The data START

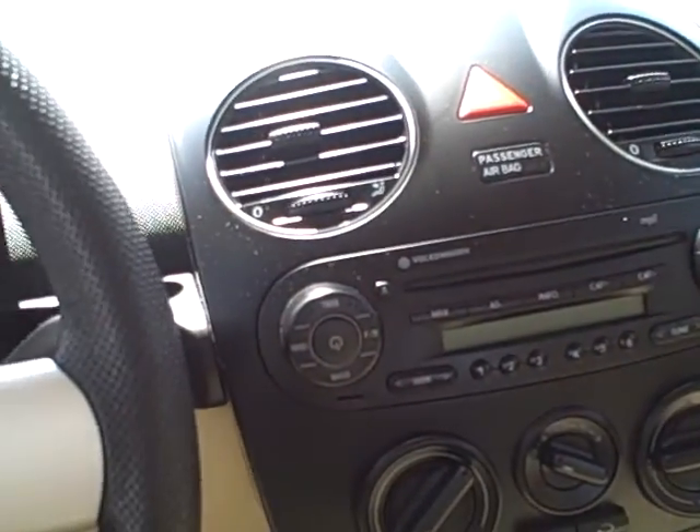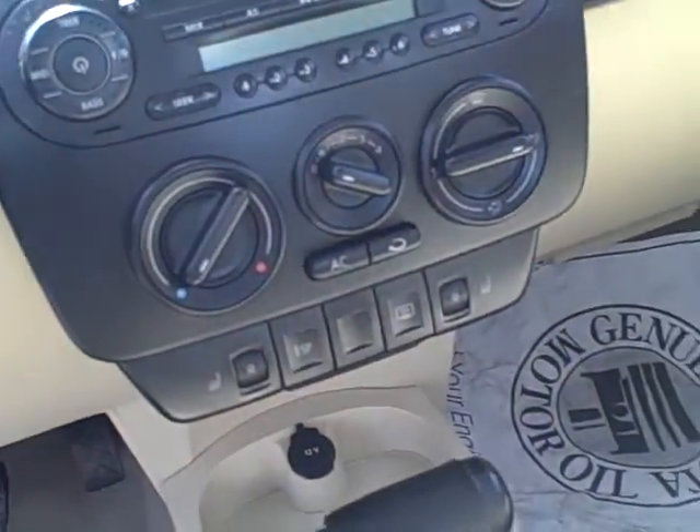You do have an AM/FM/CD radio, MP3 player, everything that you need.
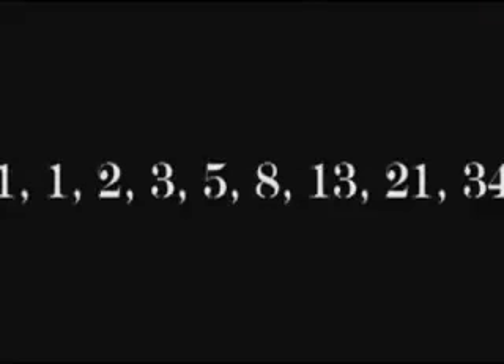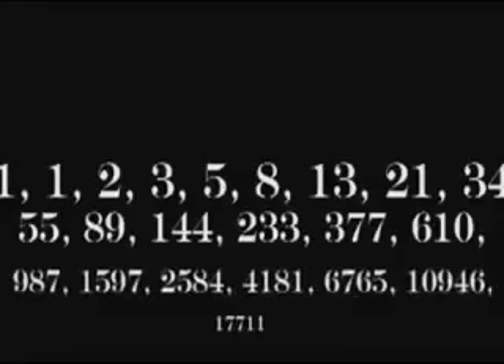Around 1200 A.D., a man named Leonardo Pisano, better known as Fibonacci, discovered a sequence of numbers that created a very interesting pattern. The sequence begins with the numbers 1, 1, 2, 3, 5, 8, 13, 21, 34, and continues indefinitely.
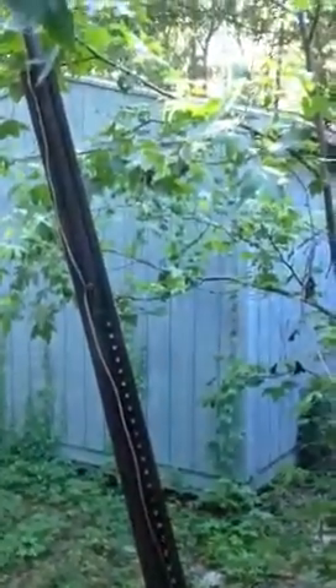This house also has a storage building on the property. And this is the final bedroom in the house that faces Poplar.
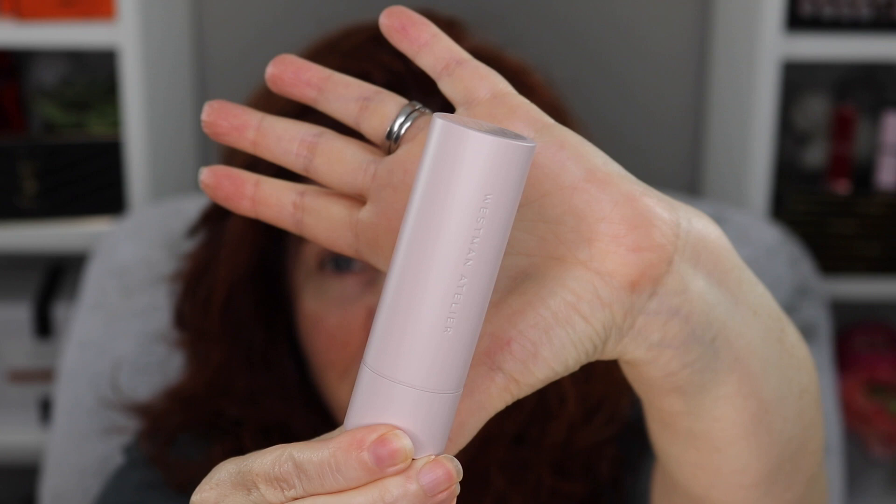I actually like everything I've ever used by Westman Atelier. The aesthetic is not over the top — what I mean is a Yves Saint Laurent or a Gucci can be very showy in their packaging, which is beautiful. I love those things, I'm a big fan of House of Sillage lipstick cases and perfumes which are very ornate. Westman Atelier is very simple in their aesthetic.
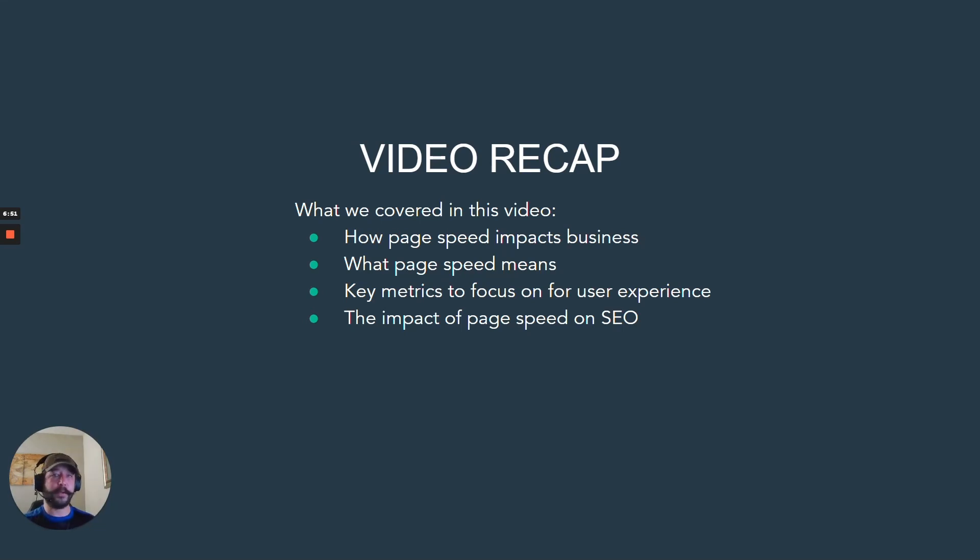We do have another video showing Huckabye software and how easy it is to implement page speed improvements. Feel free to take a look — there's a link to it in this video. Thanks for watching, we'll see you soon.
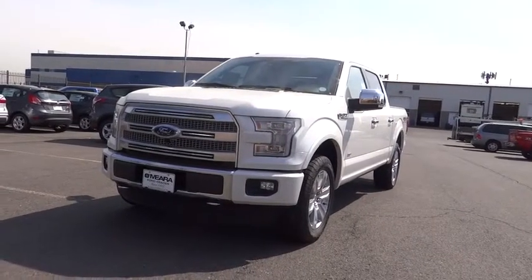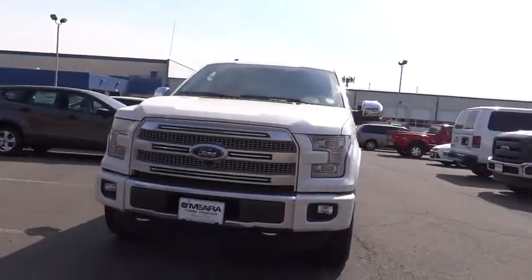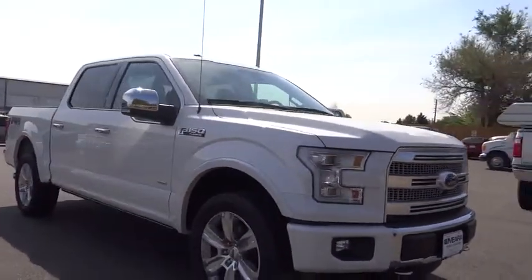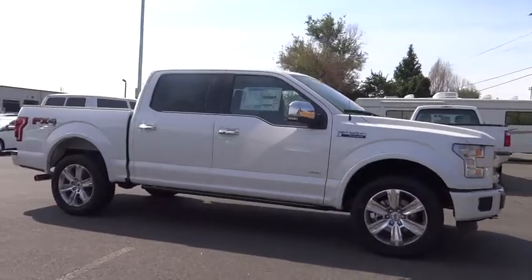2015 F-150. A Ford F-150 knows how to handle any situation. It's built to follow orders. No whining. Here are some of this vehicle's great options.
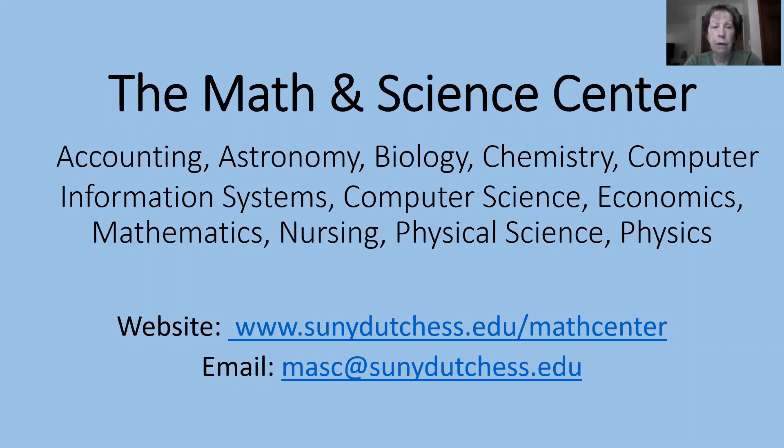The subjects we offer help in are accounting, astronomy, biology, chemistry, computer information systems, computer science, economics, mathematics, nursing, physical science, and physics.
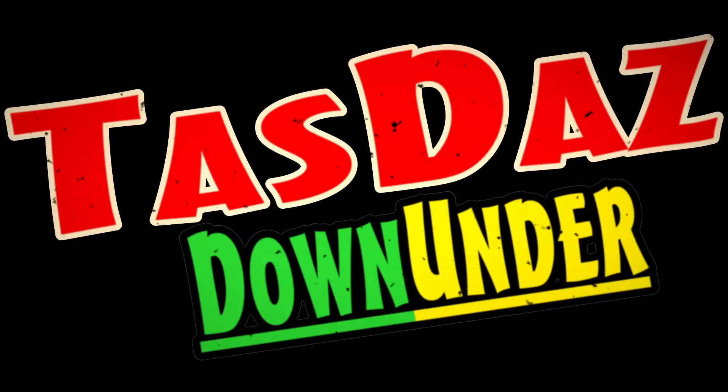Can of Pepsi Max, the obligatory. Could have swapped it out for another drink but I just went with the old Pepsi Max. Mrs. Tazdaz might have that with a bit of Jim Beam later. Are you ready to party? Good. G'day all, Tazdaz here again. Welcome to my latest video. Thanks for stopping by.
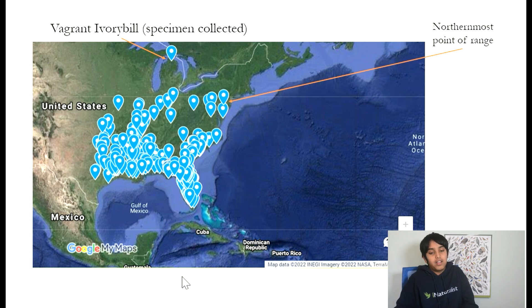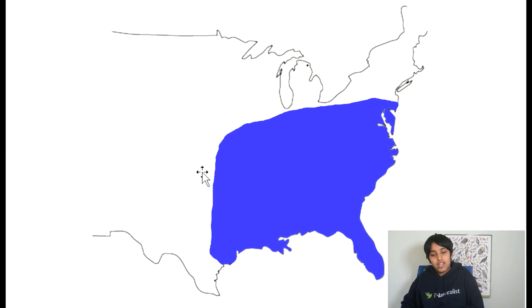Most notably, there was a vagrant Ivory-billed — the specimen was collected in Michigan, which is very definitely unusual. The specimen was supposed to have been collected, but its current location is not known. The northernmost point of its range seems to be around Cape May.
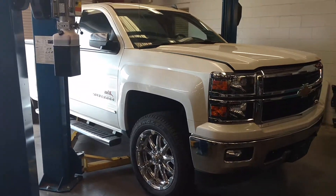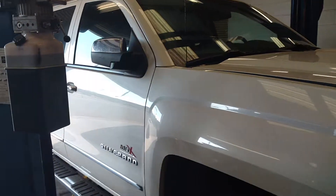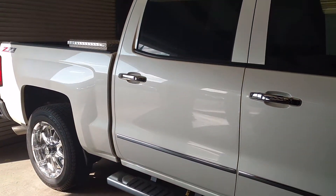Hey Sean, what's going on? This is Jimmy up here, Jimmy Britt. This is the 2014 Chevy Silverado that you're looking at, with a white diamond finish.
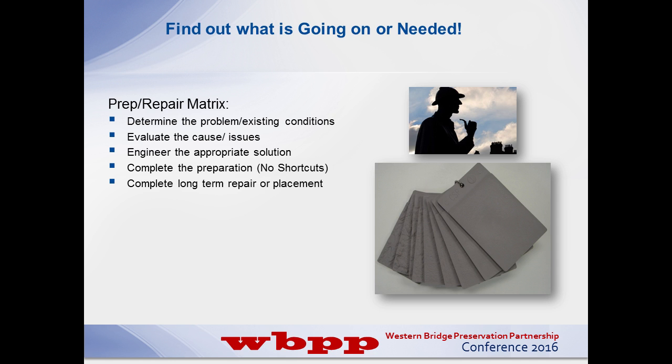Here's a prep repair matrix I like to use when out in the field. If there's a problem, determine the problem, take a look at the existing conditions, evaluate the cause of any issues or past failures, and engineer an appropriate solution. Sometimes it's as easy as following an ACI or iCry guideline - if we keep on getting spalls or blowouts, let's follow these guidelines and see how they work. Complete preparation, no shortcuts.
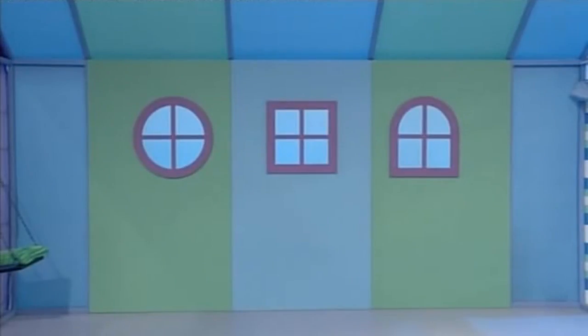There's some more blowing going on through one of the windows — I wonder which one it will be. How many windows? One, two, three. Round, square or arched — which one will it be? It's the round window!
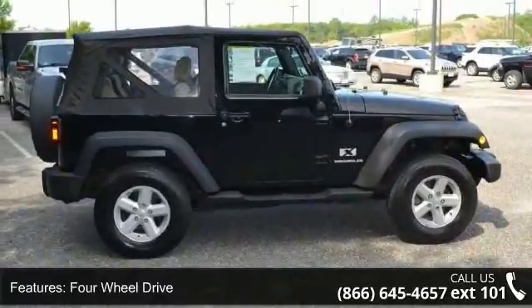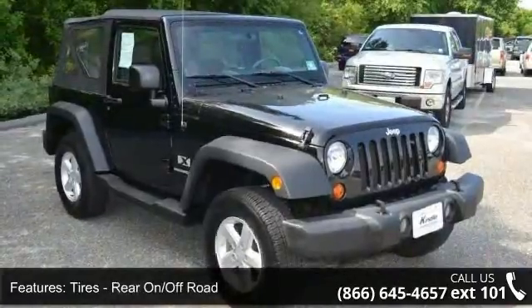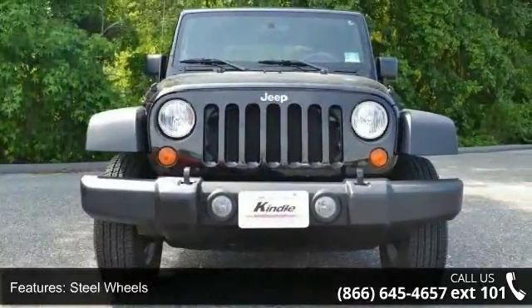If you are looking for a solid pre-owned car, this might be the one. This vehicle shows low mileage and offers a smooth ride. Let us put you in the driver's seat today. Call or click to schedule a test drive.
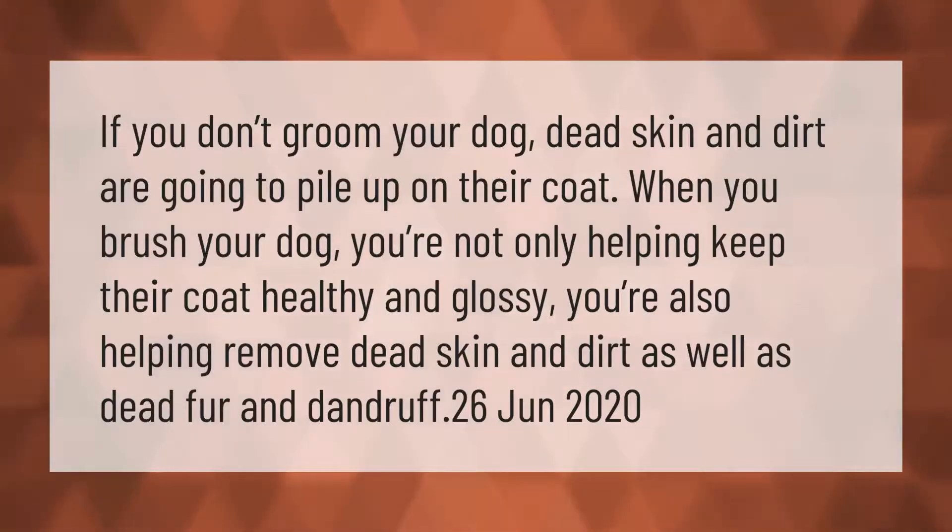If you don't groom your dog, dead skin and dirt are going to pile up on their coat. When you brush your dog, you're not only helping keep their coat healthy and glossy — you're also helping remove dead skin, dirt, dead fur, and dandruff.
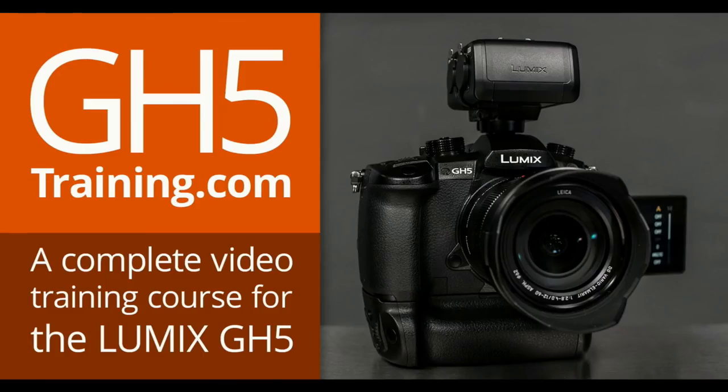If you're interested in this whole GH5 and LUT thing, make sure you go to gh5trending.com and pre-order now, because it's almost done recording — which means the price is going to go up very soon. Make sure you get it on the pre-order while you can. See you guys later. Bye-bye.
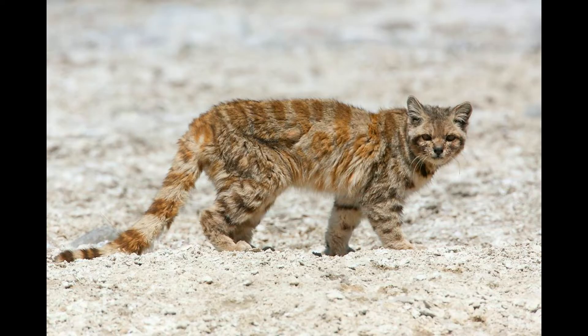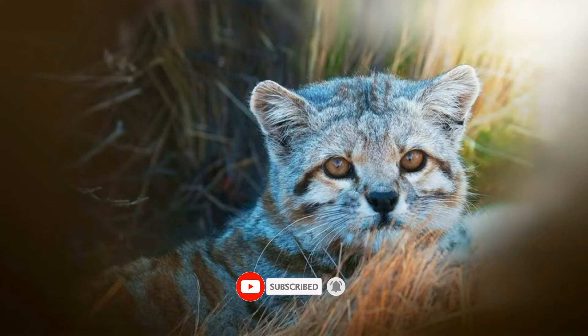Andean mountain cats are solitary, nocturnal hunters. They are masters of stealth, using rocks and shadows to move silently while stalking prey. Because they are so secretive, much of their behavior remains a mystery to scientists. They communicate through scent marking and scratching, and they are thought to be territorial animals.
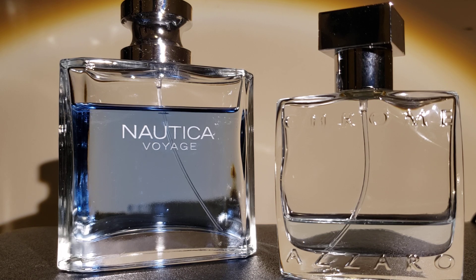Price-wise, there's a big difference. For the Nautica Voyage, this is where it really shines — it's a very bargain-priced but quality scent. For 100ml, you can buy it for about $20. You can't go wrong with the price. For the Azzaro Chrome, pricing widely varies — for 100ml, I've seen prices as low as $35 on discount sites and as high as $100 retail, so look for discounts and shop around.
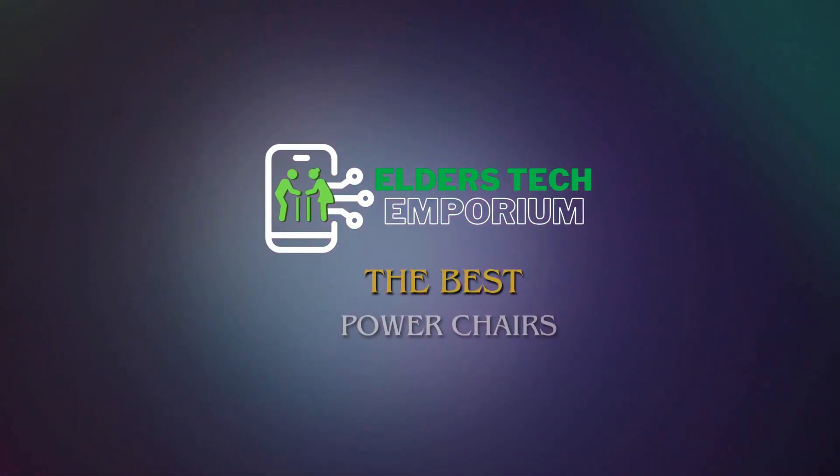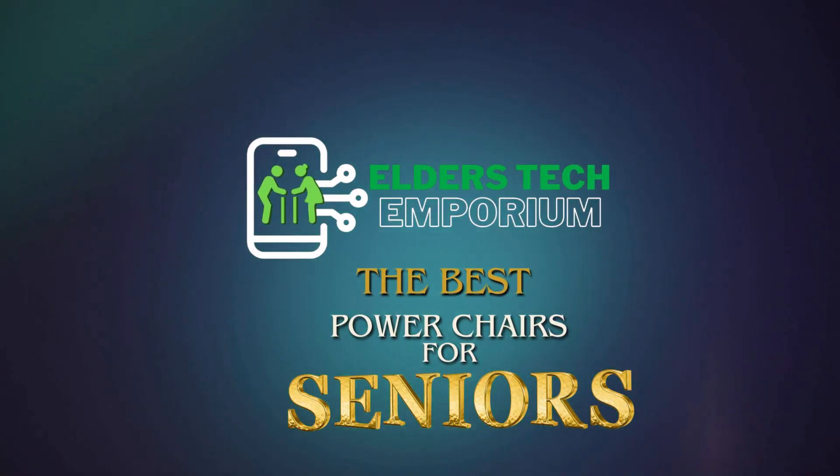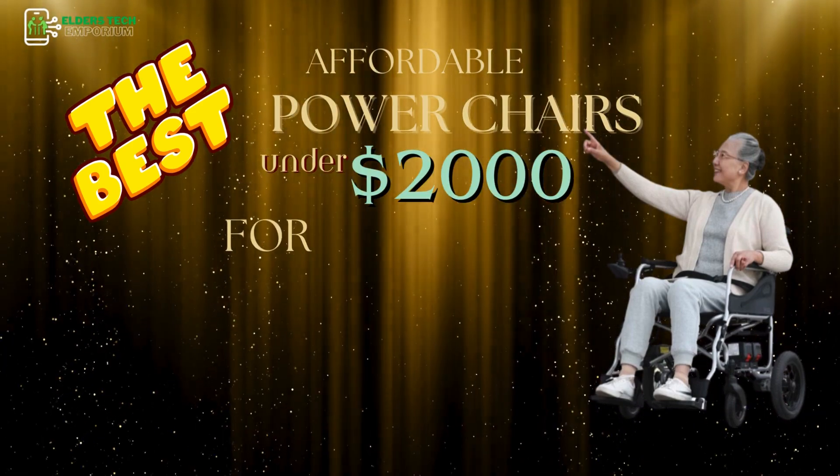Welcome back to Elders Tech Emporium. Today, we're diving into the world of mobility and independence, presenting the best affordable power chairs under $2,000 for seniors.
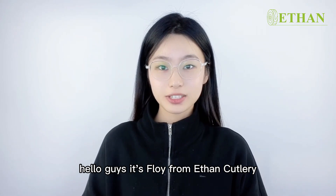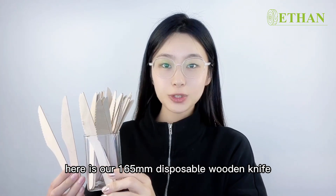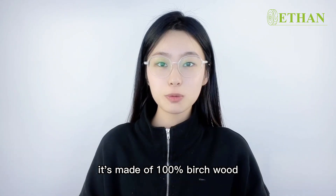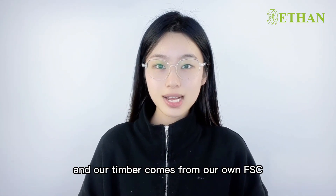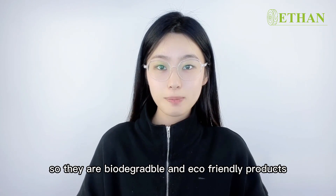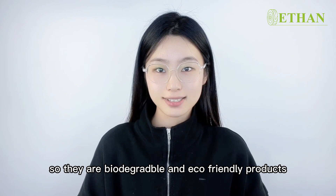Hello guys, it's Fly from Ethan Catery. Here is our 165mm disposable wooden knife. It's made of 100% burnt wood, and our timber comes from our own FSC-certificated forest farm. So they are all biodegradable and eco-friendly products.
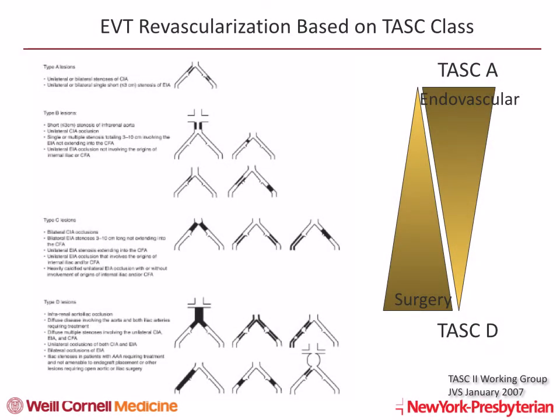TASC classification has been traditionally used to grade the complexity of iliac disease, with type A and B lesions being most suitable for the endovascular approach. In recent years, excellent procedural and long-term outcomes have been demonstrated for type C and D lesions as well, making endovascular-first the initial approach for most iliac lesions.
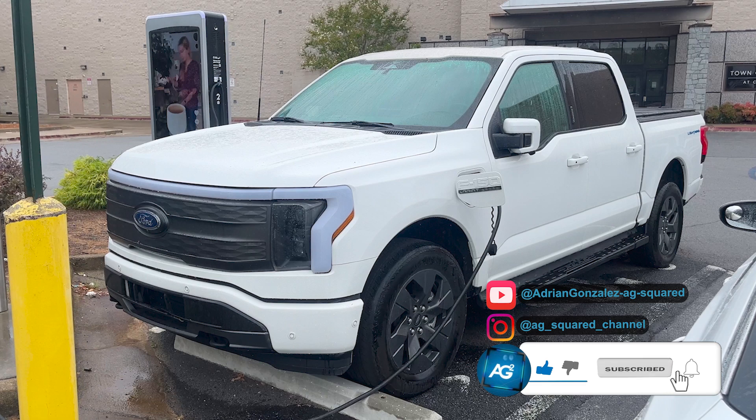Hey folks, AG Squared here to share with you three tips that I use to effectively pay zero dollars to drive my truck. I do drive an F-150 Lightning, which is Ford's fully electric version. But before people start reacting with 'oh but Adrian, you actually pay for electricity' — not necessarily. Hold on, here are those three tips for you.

The data END

[What you will do]:
Write out exactly the lines above, from the very first through the line containing "This house also", both kept, with the pictures removed.

[Exercise output]:
You do have an AM/FM/CD radio, MP3 player, everything that you need.
Around 1200 A.D., a man named Leonardo Pisano, better known as Fibonacci, discovered a sequence of numbers that created a very interesting pattern. The sequence begins with the numbers 1, 1, 2, 3, 5, 8, 13, 21, 34, and continues indefinitely.
This house also has a storage building on the property. And this is the final bedroom in the house that faces Poplar.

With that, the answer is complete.